▶ [What is needed]
Aside from the pictures, copy the listing exactly.

▶ [Data shown]
*****
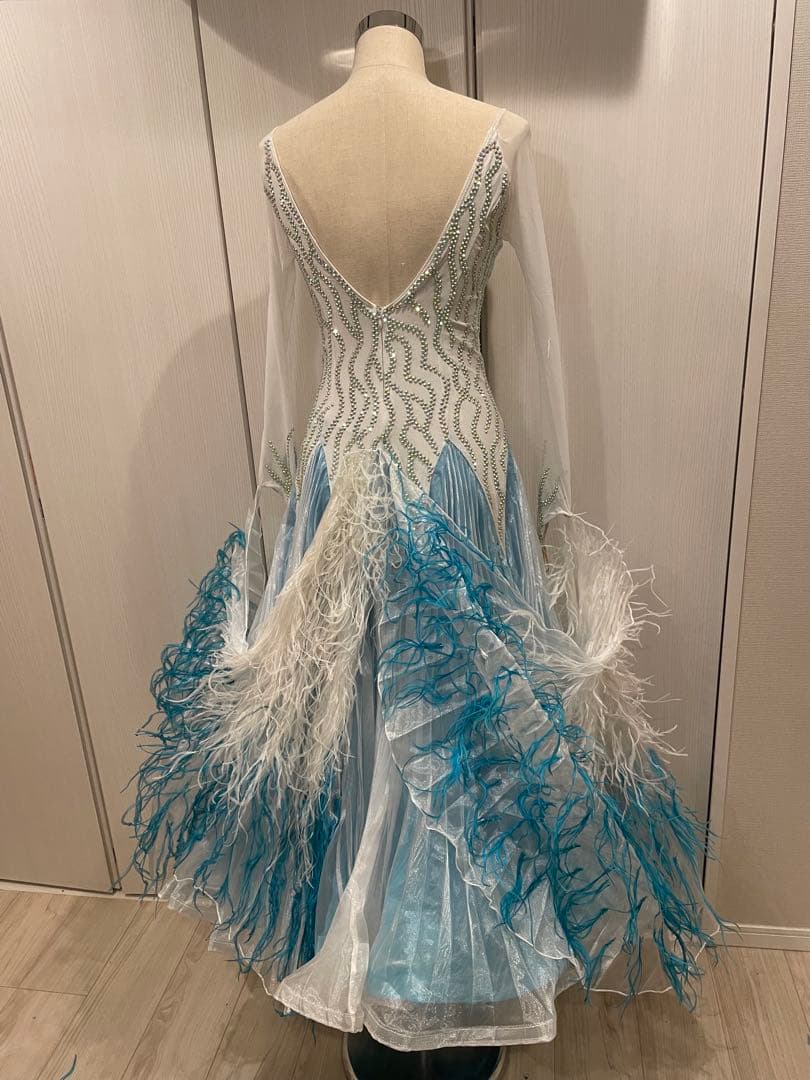 社交ダンス用ドレス 青と白のグラデーション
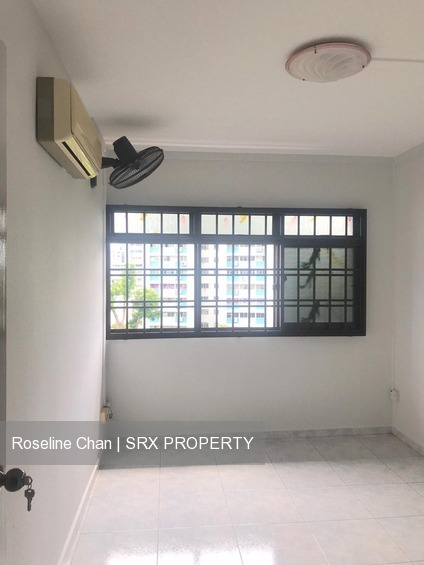 Blk 942 Hougang Street 92 (Hougang), HDB 5 Rooms #190567302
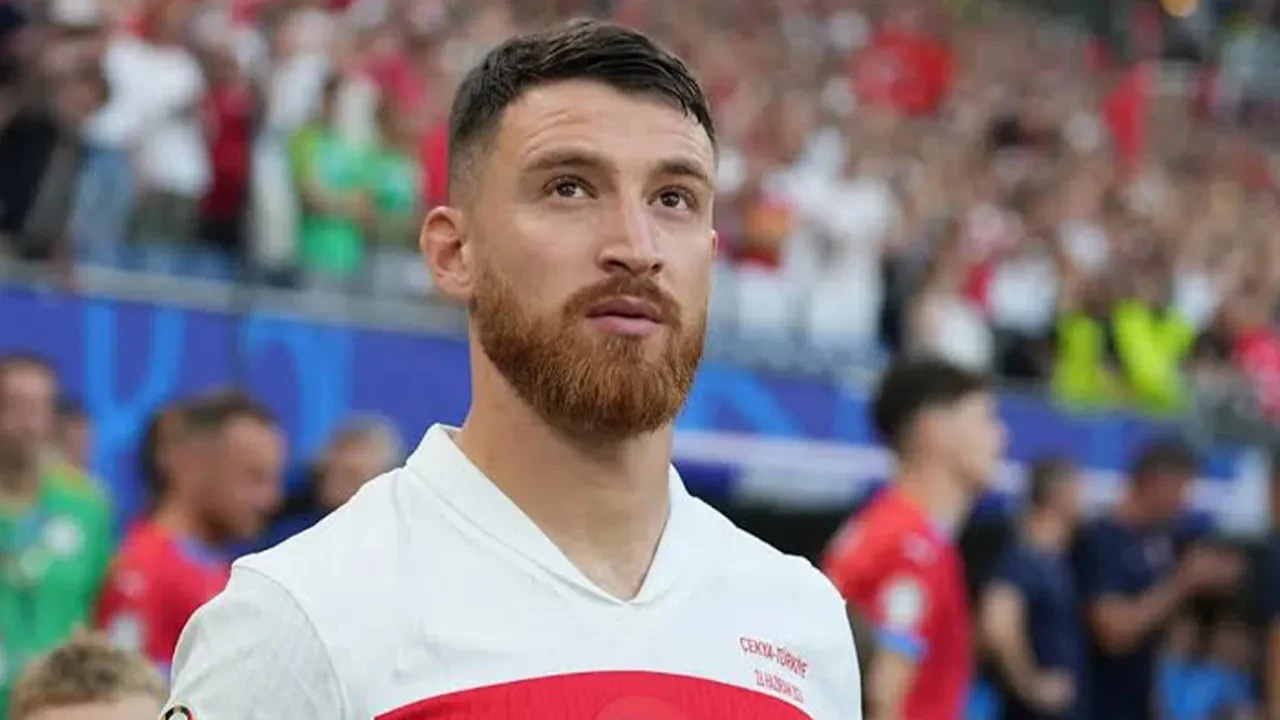 Beşiktaş Salih Özcan'ı İstanbul'a getiriyor! Saati belli oldu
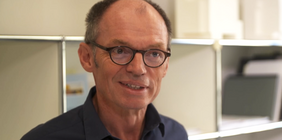 Prof. Dr. Steffen de Rudder von der Bauhaus-Universität Weimar, im MDR wissen Magazin über die Zukunft ohne Autos. (Foto: Screenshot) Prof. Dr. Steffen de Rudder von der Bauhaus-Universität Weimar, im MDR wissen Magazin über die Zukunft ohne Autos. (Foto: Screenshot)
*****
▶ [Finished task]
 社交ダンス用ドレス 青と白のグラデーション
 Blk 942 Hougang Street 92 (Hougang), HDB 5 Rooms #190567302
 Beşiktaş Salih Özcan'ı İstanbul'a getiriyor! Saati belli oldu
 Prof. Dr. Steffen de Rudder von der Bauhaus-Universität Weimar, im MDR wissen Magazin über die Zukunft ohne Autos. (Foto: Screenshot) Prof. Dr. Steffen de Rudder von der Bauhaus-Universität Weimar, im MDR wissen Magazin über die Zukunft ohne Autos. (Foto: Screenshot)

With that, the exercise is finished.